Following an investigation, the Crown Prosecution Service announced no further action would be taken, and Mr Ablewhite was not prosecuted, and at no point was he arrested or charged with an offence.
Mr Preston, when asked if his victory will start a new chapter for the office following the controversy, said: “Well, I am me.
“I based my campaign on honesty and integrity.
“I was a police officer for 30 years, when I start my job I’ll hit that ground running, my job is all about protecting the communities of Cambridgeshire and Peterborough”.
In his acceptance speech, Mr Preston said: “To serve as a Police and Crime Commissioner is a privilege, and it’s a privilege that carries great responsibility, and it’s an honour that I do not take lightly.
“I understand that responsibility and that is to represent the people of Cambridgeshire and Peterborough, all the residents of our great county, giving them the voice and keeping all of our community safe.”
He said: “In a few days, I’ll be taking an oath of office, and that is enshrined in law, and I will swear that I will act with integrity and diligence in my role and to the best of my ability.
“I will execute the duties of my office to ensure that the police are able to, and here’s the thing, cut crime and protect people.
“Cutting crime, protecting the public and supporting victims, those are my priorities, and they’re my priorities because they are the priorities of the people of Cambridgeshire and Peterborough”.
Mr Preston secured 42.9 per cent in the first round, Ms Massey, 31.3 per cent, Lib Dem Rupert Moss-Eccardt 22.3 per cent, and Reform UK’s Susan Morris 3.48 per cent.

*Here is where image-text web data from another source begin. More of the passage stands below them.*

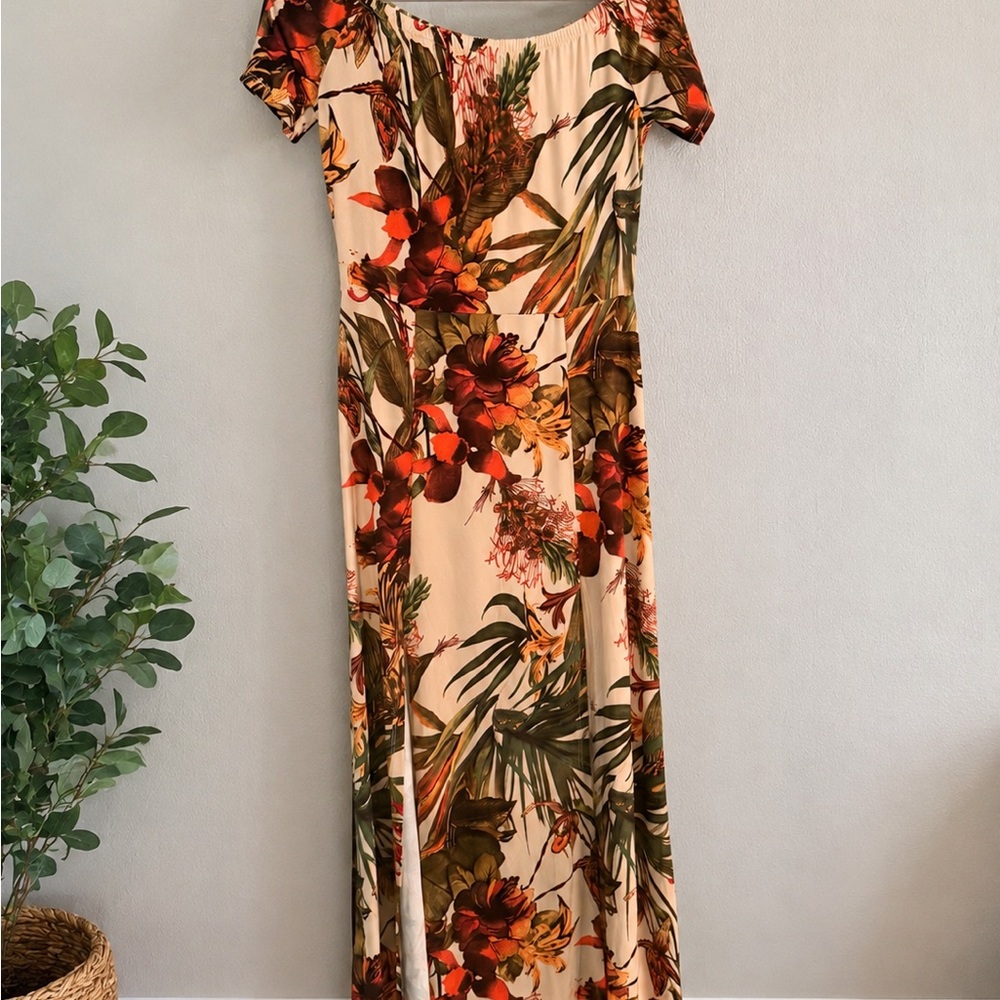 VENUS by LASCANA Floral Off-Shoulder Maxi Dress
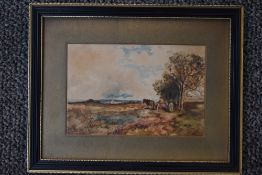 (19th/20th century), a watercolour, country landscape, 14 x 21cm, mounted framed and glazed, 26 x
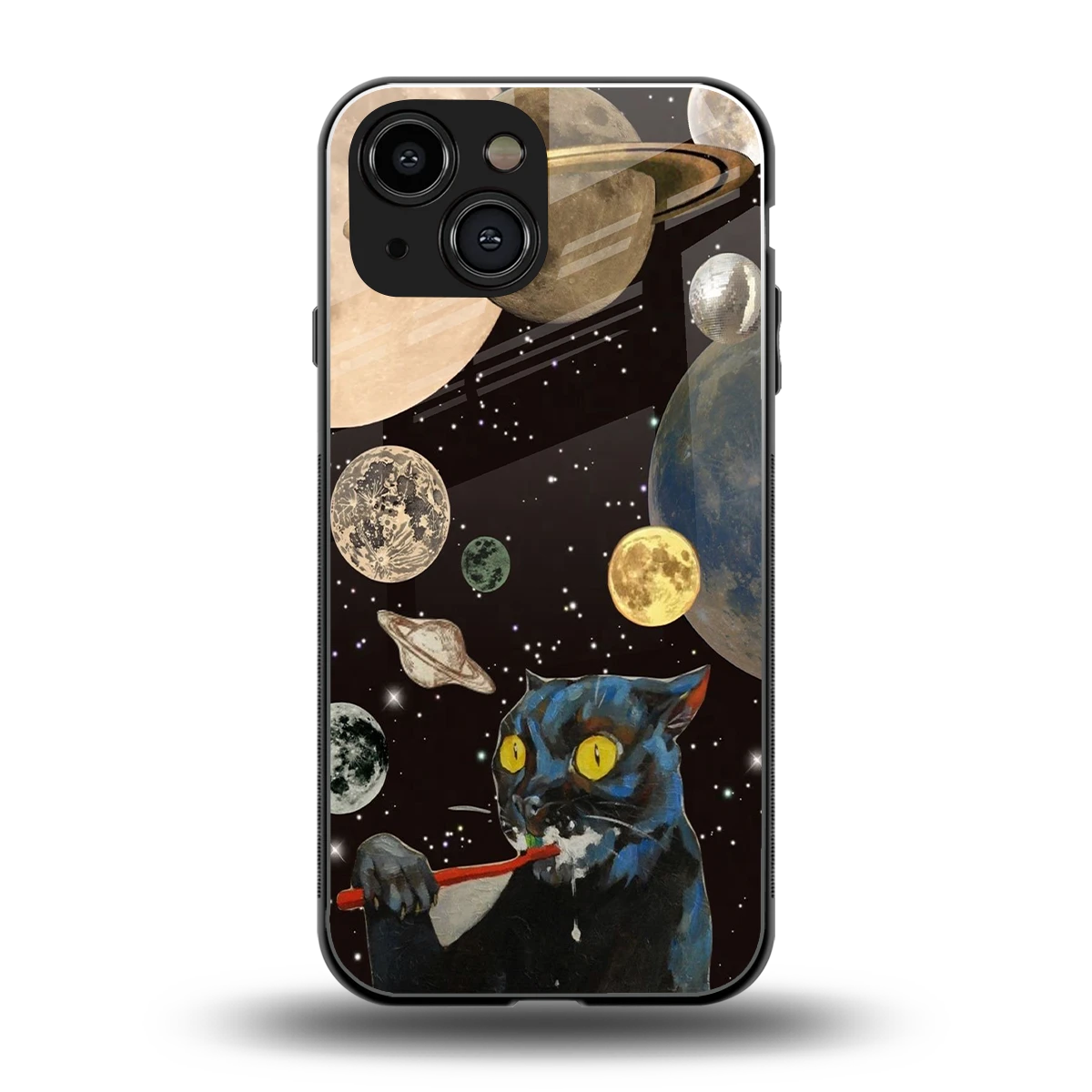 Galactic Purr back phone cover | glass case for iphone 13 mini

The Lib Dem and Reform UK candidates were then eliminated and the second preference votes of voters who chose the eliminated candidates as their first preference were added to the totals of the other two if applicable.
The vote followed an electoral upset in the mayoral vote, as Labour’s Nik Johnson took his party from third in 2017 to first, ousting Conservative James Palmer.
In her speech from the podium, runner-up Nicky Massey said: “What an amazing set of elections we’ve had.
“I’m really honoured to still be standing here.
“That 102,000 votes – thank you to every single one of you that voted for me, and I’m not going anywhere and I won’t go quietly, you will hear me roar.
She said: “I will be standing up for [against] domestic abuse and I will be standing up for [against] sexual harassment of women.
“I will be your voice; together we are going to make a change. “We’re just going to do it in a slightly different way, so please for those of you who voted for me, join me on my next journey, where we will make a difference.”
She added: “And we are definitely going to smash domestic abuse out the ballpark”.